The legacy storage system was typically a dual-controller storage array or single NAS head designed to service a database-heavy environment with some file sharing. While classified as legacy it can also still be considered the default storage system choice. When legacy storage was new, processors were expensive and storage software wasn’t scalable. At the time it was wiser and more economical to use a single, fast processor than it was to use multiple slower ones. The same case held true for storage controllers and NAS heads. It was simpler to design software to support a single controller or NAS head with a redundant backup than it was to design a system that used multiple controllers simultaneously. Even when “active-active” NAS architectures came to market, storage I/O was still hard-set to a particular controller or NAS head. More advanced systems could allow data requests to be sent to one or the other NAS head, but the environment remained single-threaded.
This dual controller design was acceptable for the era in which it was created. In the mid-90s, as shared storage slowly became more commonplace, the environment was largely static. Each server had one application on it, each had its own connection to shared storage and each server had its own section of that shared storage. Changes to a single system could be made with little concern over ramifications to the other connected systems.
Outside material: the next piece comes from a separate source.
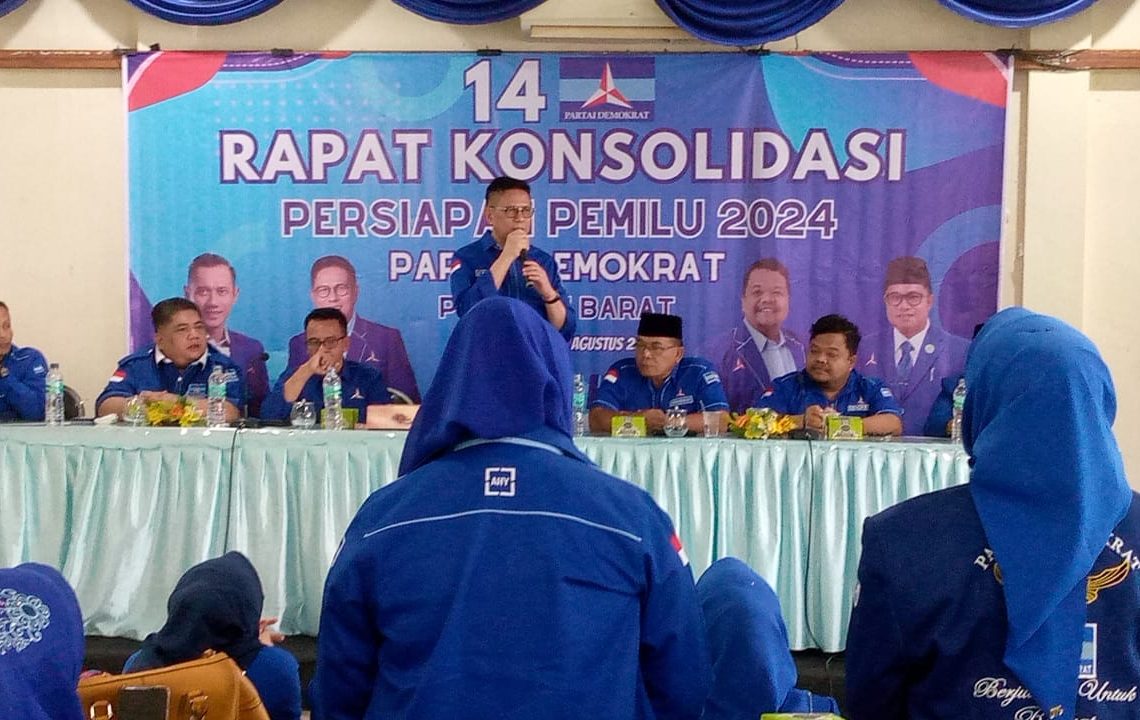 Partai Demokrat Pasaman Barat Adakan Rapat Konsolidasi Persiapan Pemilu 2024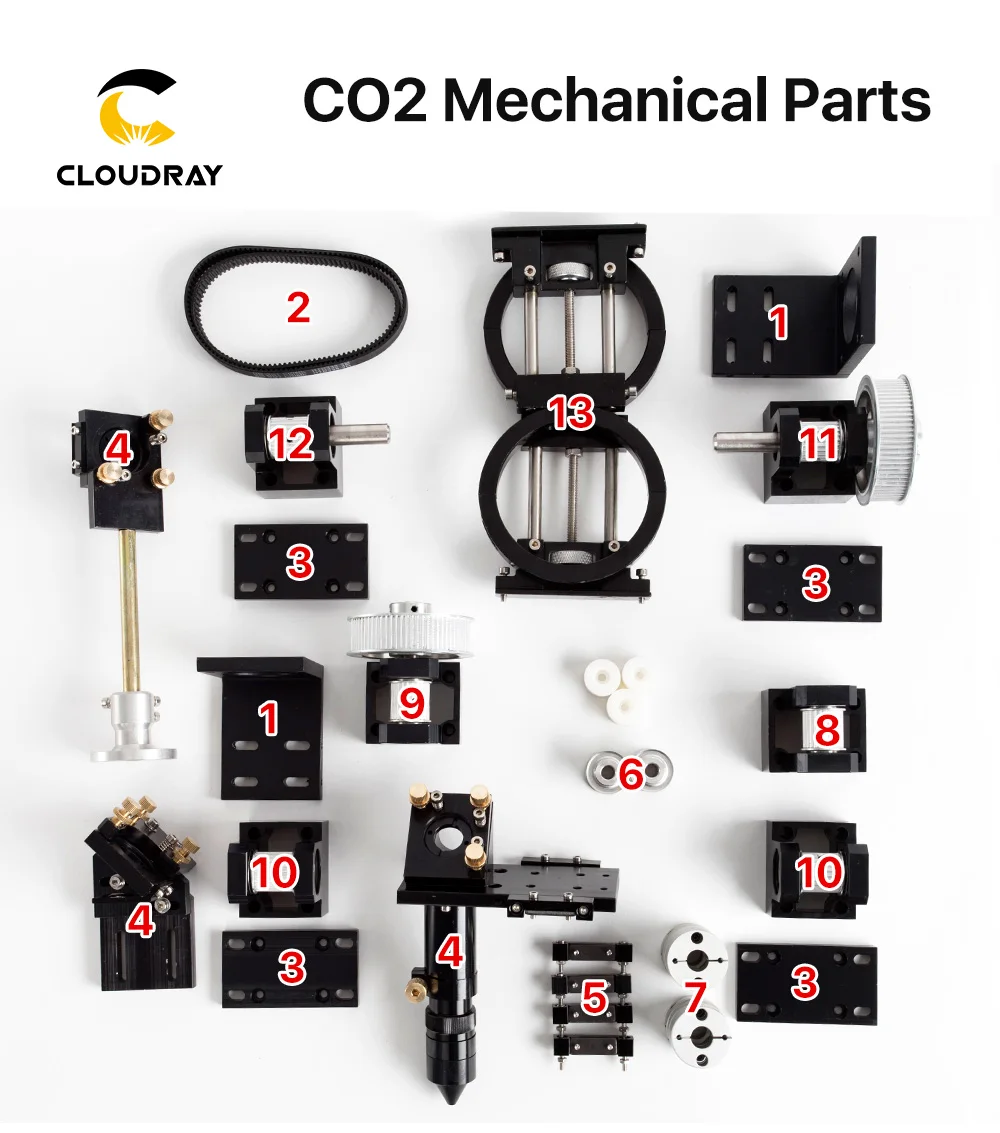 Cloudray CO2 Лазерные Механические Детали металлические компоненты для DIY CO2 лазерная гравировка машина для резки Модель B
While users created some of their own file data, most of the data was structured in a database. File based data was a small percentage of the overall data assets. The concept of thousands of users accessing data via a web front end was unheard of. As a result growth was predictable. The term “shared storage” was really a misnomer, everything was segregated from everything else. The goal was to make sure that servers could not see other servers’ data.
Legacy storage systems that were used in this fixed, monolithic application and storage environment were complex to configure, monitor and change. However, because of the fixed nature of the environment, once the initial implementation was done there were seldom changes to it. While those changes, when they did occur, required a herculean effort to implement, they were infrequent enough that the tasks could be completed. When legacy environments needed to be upgraded it was relatively simple to just add another separate storage system. Nothing was really shared anyway. The process of managing two separate systems was not much more complex than the complexity of managing a single system.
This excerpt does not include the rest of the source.